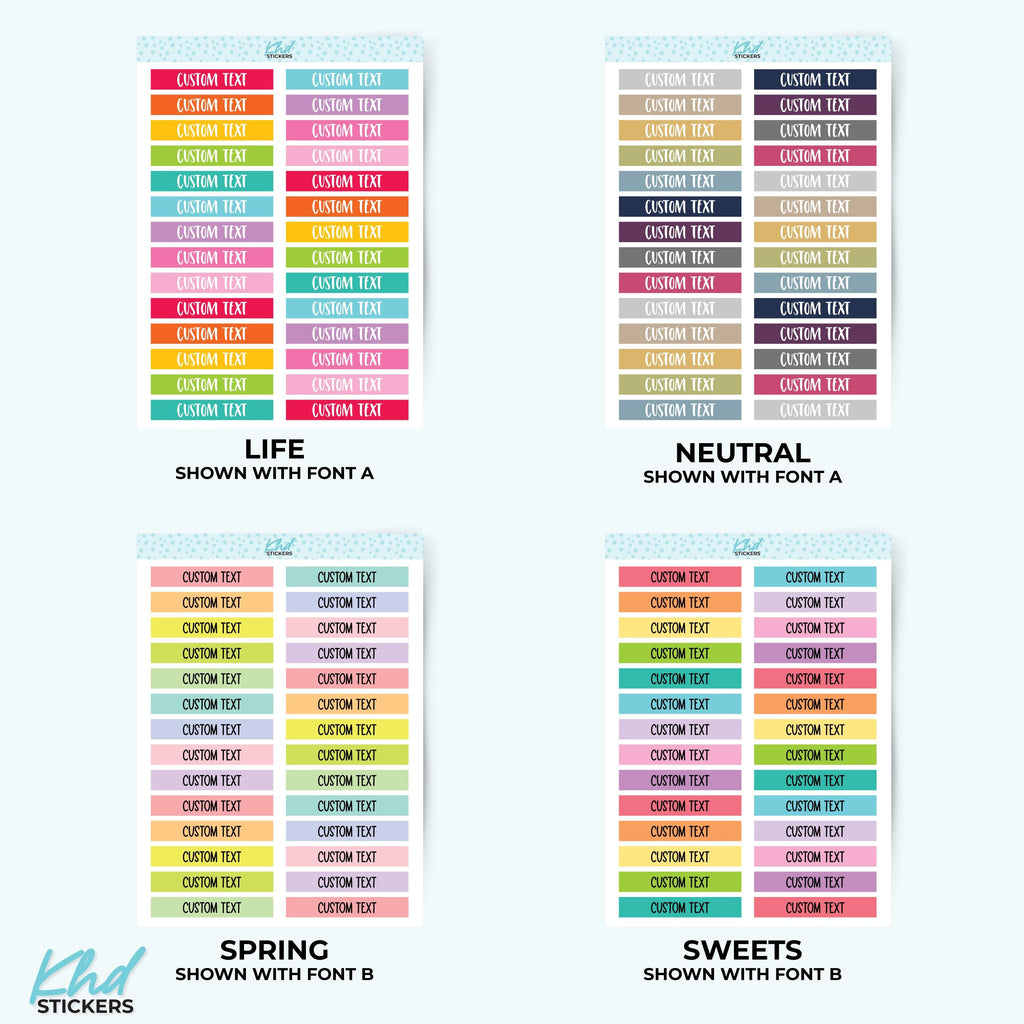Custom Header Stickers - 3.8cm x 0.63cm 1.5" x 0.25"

───

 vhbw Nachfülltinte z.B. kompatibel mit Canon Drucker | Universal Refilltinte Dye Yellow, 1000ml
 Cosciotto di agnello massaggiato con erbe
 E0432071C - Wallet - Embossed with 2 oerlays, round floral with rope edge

───

Exercise requirements: Copy word for word the stretch of entries above from the line that has "vhbw Nachfülltinte z.B." through the line that has "E0432071C - Wallet", both ends included, and nothing outside it.

Response to the exercise:
 vhbw Nachfülltinte z.B. kompatibel mit Canon Drucker | Universal Refilltinte Dye Yellow, 1000ml
 Cosciotto di agnello massaggiato con erbe
 E0432071C - Wallet - Embossed with 2 oerlays, round floral with rope edge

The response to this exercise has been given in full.